How do you manage the conflicts between members?
We don’t really come across any major fights on the page. We can’t read and regulate all the comments. Most of the times what seems like a fight is actually just a general discussion where two thoughts are colliding. In case of a more serious conflict we block all participants of the dispute and advice them not to make things personal.

What is your take on the accusations that DUC is projecting a negative image of Delhi University and its students’ lives?
There are positive and negative sides to everything. It is a confessions page so people share deeply personal things that they do not share publicly — things that they are not proud of or can never tell anyone about. It gives a vent to the frustration that all college students go through. Also, members get to learn from the experiences of the confessors.

What was the most inspiring confession that you came across on the page?
Once a girl confessed about how it was her birthday and nobody in her family remembered. She was very sad and disheartened.
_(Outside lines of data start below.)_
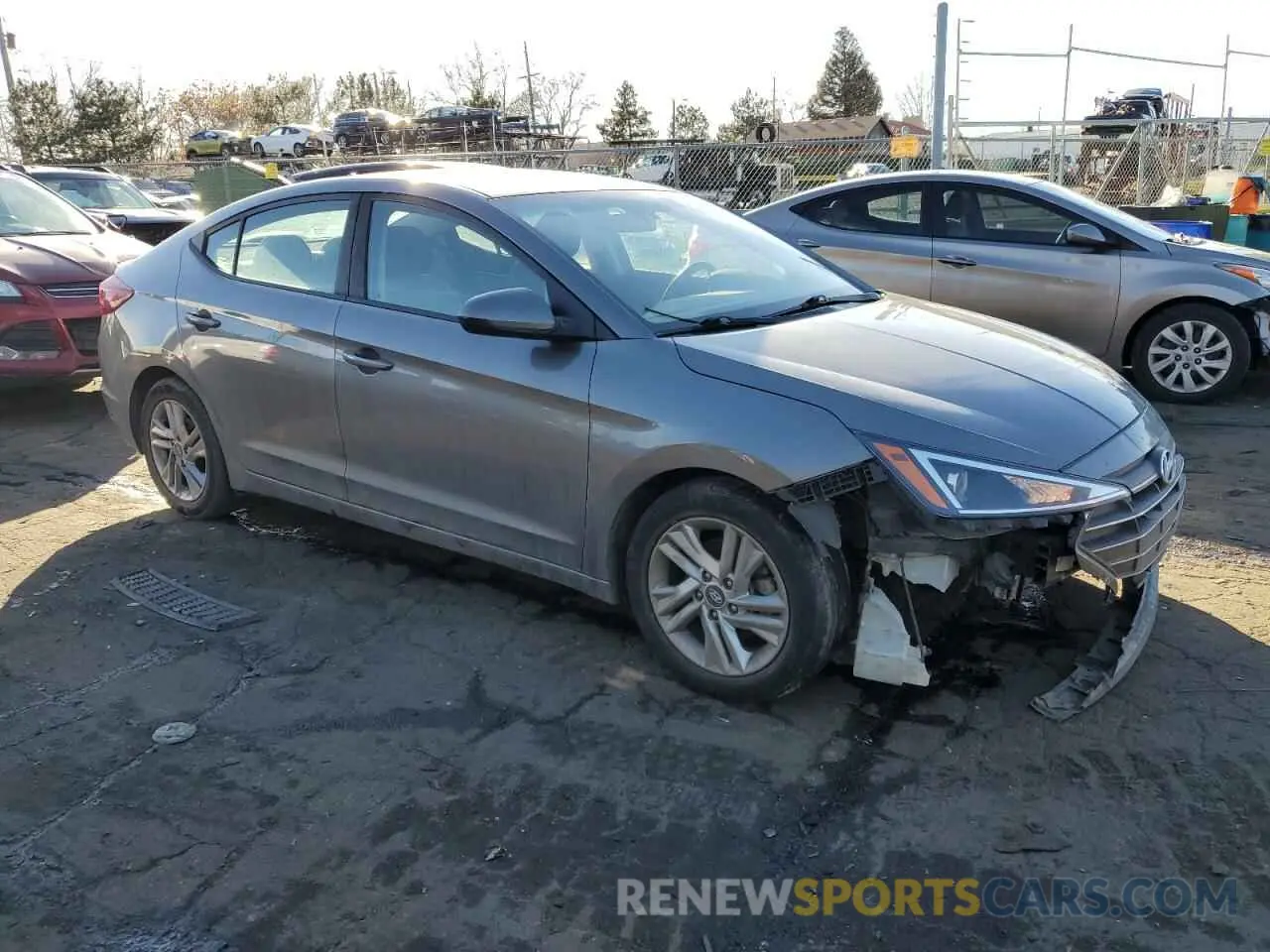 4 Photograph of a damaged car 5NPD84LF0LH540134 HYUNDAI ELANTRA 2020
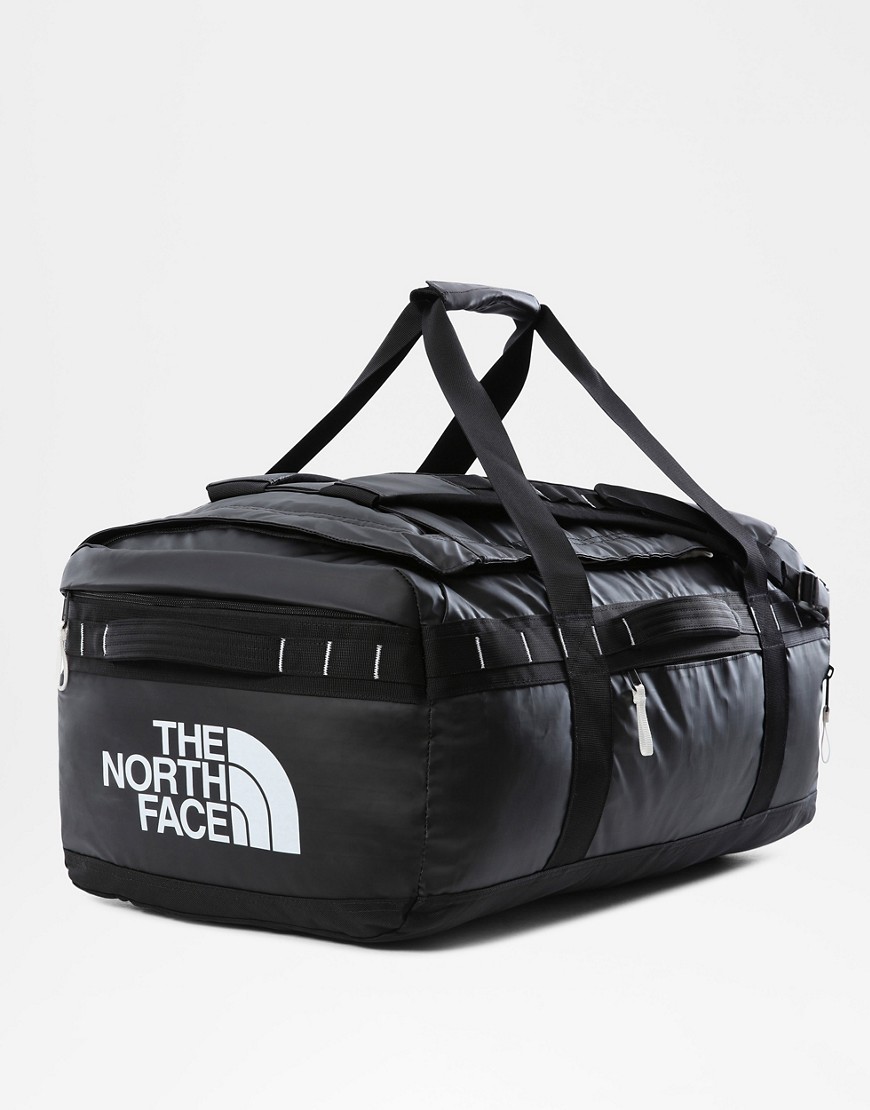 The North Face Base camp voyager duffel 62l in tnf black/tnf white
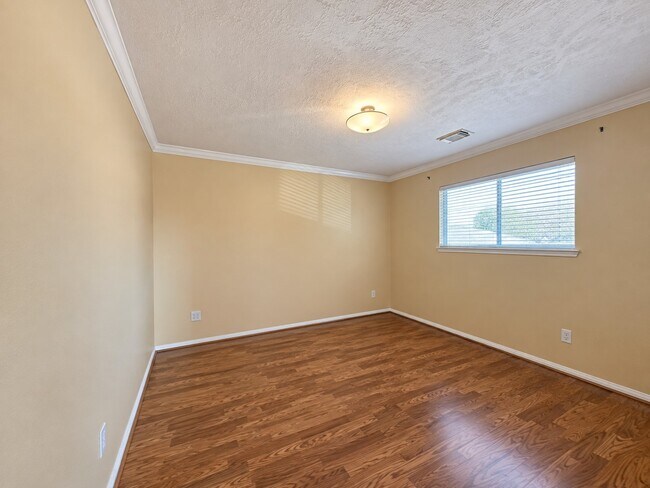 Building Photo - 2610 Parkbriar Ln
After that post went up, more than 500 members wished her ‘happy birthday’ in the comments. The heartfelt and sincere wishes made her day. It was very touching. So we are all like a one big informal family (smiles).

Any last words?
Since this was a personal interview and you are the one who will be writing everything, you are responsible for all the typos (grins).

This short interview with Old Monk revealed a very humble and intelligent personality who has all the wisdom of an old monk. Undoubtedly, DUC and all its members are in good hands.